Nonostante gli sforzi (direi quasi l’accanimento politico-mediatico) profusi negli ultimi venti anni per accendere i riflettori sulla Calabria come meta turistica, la nostra regione è riuscita a scamparla anche quest’anno. L’assalto non c’è stato, il territorio ne è uscito indenne. Le strade, i ristoranti, i lidi, le spiagge semideserte sono lì a testimoniare il fallimento dell’ennesimo tentativo d’industrializzazione forzata del comparto. Lei osserva distaccata e sorride. Sembra quasi predersi gioco di questi novelli profeti della modernità che pensano di poterla governare osservandola sulle mappe geografiche e di poterla plasmare a proprio uso e consumo, costringendola a prostituirsi culturalmente e mediaticamente attraverso questa o quella kermesse, questo o quel testimonial. Lei li osserva come gli indigeni osservavano i colonialisti appena sbarcati su un territorio a loro sconosciuto ed estraneo, ignari dei rischi che li attendevano.

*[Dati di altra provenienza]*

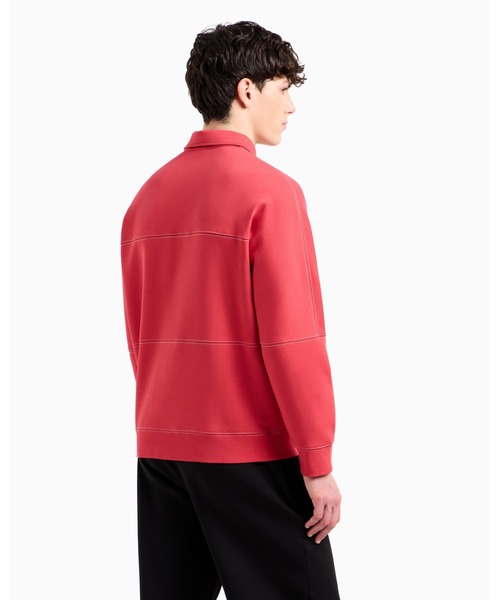 ARMANI EXCHANGE(アルマーニエクスチェンジ)の「【A|X アルマーニ エクスチェンジ】AXロゴ 長袖ポロシャツ(ポロシャツ・メンズ・ダークネイビー/レッド・MEDIUM/X-SMALL/X-LARGE/XX-LARGE/SMALL/LARGE)」の3枚目の写真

Se sono arrivata fin qui indenne, se ho resistito per secoli ai terremoti, ai tentativi di unificazione, all’industrializzazione forzata, all’omologazione consumistica, pensate che non possa resistere alla narrazione falsa ed edulcorata che state tentando di attribuirmi da alcuni anni a questa parte? Sembra rispondere a chi si stupisce del suo immobilismo. Ma sta proprio qui il suo valore, nella sua capacità di resistere alle forze idiote della modernità, è questa capacità che l’ha preservata fino ad oggi e che potrà preservarla anche domani in attesa che qualche nuova saggezza riemerga dal caos della stupidità. Solo il silenzio e l’oblio, infatti, potranno riconsegnarla integra alle generazioni (ci auguriamo più consapevoli) che verranno.
La farsa del turismo in Calabria è andata in scena anche quest’anno ma non ha sortito alcun effetto, se non quello di confermare di essere appunto una farsa. L’arrivo degli emigrati da fuori e lo spostamento dei residenti che vanno in ferie crea ogni anno questa illusione. Non può esserci destagionalizzazione se la nostra vita è programmata in questo modo, se facciamo tutti le stesse cose negli stessi giorni, se la nostra esistenza è priva di un pizzico di romanticismo e di curiosità.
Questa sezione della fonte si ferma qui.